Source records:
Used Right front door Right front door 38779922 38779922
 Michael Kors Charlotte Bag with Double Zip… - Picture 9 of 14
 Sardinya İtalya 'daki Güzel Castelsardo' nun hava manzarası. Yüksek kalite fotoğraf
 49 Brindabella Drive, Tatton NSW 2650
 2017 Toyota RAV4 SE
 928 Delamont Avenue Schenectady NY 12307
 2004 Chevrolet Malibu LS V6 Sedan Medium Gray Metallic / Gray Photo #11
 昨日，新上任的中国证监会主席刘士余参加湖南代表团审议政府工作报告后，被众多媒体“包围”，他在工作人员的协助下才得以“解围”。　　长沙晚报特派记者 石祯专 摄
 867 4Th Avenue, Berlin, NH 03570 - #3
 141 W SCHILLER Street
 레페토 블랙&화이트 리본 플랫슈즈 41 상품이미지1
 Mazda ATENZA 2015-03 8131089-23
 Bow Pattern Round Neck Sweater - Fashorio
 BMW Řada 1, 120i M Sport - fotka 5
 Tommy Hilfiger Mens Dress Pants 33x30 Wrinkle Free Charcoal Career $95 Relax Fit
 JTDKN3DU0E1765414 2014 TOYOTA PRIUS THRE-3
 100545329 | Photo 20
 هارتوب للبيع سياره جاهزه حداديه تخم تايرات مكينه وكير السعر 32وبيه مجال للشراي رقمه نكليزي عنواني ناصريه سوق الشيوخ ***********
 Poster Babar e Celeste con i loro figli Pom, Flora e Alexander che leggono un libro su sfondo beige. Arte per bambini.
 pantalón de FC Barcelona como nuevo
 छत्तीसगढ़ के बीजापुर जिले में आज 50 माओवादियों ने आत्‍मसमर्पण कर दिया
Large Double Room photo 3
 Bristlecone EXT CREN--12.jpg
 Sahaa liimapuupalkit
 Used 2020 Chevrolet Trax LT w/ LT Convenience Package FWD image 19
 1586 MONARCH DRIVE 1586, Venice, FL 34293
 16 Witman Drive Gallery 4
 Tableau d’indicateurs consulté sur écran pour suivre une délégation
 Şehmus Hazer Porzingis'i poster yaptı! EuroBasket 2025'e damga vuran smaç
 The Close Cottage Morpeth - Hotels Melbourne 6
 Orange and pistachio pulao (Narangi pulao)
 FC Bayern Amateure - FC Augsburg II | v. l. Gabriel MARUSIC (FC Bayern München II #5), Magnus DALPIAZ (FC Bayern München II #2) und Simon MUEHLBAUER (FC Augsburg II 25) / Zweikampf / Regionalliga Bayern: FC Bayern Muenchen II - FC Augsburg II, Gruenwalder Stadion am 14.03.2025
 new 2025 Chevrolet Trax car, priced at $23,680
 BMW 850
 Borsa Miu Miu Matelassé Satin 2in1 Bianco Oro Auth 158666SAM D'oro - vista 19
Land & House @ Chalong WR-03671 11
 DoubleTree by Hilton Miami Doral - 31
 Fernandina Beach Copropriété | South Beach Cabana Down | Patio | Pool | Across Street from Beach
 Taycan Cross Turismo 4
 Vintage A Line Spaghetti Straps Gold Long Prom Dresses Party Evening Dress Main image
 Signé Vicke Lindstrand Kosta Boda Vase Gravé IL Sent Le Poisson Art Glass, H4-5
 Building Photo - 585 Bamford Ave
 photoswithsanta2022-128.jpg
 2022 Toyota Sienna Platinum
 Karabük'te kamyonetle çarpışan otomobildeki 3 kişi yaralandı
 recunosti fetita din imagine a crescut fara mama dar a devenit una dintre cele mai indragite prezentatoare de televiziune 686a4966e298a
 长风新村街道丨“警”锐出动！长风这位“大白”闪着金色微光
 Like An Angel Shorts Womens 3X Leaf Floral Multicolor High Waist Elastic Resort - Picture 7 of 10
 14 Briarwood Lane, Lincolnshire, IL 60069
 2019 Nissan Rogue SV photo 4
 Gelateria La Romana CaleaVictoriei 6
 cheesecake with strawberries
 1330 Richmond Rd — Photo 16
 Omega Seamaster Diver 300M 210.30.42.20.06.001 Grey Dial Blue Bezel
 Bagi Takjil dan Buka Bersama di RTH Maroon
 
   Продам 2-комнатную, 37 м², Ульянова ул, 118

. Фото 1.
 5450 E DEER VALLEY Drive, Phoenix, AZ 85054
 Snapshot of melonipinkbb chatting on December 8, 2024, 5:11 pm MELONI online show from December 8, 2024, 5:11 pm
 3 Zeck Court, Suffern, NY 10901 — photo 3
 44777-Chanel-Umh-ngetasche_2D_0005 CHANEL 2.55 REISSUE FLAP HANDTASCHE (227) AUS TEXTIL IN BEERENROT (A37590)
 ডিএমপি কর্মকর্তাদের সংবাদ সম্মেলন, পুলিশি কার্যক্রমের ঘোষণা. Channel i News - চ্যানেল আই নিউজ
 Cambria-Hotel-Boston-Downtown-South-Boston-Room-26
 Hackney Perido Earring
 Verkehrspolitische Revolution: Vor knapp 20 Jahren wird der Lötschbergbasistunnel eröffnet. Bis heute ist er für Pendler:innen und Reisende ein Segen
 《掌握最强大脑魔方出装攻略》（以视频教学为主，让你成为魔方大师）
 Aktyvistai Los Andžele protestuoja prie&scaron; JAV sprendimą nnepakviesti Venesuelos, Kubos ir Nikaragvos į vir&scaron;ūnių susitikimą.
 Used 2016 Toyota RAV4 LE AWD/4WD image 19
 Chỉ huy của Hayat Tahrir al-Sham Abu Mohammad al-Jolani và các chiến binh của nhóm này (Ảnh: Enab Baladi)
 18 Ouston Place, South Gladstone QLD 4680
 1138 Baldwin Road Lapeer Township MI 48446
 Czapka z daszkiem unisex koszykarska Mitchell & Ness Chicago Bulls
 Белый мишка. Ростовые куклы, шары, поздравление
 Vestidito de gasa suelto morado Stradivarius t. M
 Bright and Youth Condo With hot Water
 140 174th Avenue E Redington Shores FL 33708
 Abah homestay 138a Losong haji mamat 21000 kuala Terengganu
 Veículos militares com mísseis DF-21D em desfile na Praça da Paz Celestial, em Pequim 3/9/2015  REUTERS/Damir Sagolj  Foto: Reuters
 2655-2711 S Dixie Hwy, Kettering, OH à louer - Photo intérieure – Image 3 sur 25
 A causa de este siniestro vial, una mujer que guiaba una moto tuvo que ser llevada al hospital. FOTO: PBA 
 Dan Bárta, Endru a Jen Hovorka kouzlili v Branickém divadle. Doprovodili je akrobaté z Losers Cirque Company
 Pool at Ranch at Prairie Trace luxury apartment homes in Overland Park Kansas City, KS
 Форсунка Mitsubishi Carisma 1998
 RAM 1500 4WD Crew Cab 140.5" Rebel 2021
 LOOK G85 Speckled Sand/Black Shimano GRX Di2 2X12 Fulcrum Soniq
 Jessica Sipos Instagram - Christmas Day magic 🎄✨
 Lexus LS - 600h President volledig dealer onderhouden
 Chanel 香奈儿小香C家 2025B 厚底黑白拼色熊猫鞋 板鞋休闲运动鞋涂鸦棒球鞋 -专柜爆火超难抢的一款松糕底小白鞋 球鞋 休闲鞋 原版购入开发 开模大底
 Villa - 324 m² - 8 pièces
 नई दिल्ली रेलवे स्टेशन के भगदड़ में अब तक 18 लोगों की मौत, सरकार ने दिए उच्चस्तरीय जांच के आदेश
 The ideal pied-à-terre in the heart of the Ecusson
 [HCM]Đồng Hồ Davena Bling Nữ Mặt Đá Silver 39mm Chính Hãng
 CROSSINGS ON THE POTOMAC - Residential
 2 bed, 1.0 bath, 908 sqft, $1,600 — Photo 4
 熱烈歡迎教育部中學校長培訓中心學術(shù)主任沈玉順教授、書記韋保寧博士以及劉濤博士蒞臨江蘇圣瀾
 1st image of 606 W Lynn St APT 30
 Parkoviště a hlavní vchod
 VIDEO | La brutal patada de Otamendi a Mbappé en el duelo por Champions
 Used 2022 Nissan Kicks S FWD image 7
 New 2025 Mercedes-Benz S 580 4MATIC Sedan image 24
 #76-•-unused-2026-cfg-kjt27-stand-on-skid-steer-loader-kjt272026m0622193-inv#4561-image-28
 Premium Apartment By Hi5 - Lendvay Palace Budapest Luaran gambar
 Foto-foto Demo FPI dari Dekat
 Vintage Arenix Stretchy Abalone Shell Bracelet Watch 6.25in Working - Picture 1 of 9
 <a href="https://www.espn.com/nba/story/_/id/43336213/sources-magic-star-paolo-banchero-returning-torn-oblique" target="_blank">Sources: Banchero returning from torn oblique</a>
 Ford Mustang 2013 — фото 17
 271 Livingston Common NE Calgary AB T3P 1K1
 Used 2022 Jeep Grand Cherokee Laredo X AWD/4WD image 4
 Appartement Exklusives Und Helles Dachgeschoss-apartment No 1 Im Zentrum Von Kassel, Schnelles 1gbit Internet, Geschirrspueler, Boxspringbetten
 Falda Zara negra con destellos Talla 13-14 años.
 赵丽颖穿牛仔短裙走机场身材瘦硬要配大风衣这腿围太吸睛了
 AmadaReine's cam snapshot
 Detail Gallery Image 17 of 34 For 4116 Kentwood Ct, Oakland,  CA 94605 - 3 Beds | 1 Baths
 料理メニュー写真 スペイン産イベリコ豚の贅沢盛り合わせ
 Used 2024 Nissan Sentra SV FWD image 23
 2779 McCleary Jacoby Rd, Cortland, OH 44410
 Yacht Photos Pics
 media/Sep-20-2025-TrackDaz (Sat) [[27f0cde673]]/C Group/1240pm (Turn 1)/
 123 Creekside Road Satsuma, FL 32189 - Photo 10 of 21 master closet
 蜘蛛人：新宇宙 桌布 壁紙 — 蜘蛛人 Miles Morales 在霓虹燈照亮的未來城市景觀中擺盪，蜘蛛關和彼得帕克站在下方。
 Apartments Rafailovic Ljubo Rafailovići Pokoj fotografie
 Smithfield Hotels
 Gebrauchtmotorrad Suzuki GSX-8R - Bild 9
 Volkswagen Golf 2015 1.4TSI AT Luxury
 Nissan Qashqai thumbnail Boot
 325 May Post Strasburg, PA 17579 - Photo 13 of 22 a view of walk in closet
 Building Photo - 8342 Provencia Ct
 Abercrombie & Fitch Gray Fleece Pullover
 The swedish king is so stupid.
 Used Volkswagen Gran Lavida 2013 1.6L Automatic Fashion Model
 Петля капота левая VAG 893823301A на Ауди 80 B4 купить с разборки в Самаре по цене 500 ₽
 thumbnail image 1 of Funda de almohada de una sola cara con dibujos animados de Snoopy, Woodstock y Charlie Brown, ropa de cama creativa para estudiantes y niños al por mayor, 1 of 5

■ ACTION ITEM ■
Given the records above, return exactly the lines starting at the line containing "Smithfield Hotels" and ending at the line containing "Abercrombie & Fitch Gray Fleece Pullover", including both.

■ SOLUTION ■
 Smithfield Hotels
 Gebrauchtmotorrad Suzuki GSX-8R - Bild 9
 Volkswagen Golf 2015 1.4TSI AT Luxury
 Nissan Qashqai thumbnail Boot
 325 May Post Strasburg, PA 17579 - Photo 13 of 22 a view of walk in closet
 Building Photo - 8342 Provencia Ct
 Abercrombie & Fitch Gray Fleece Pullover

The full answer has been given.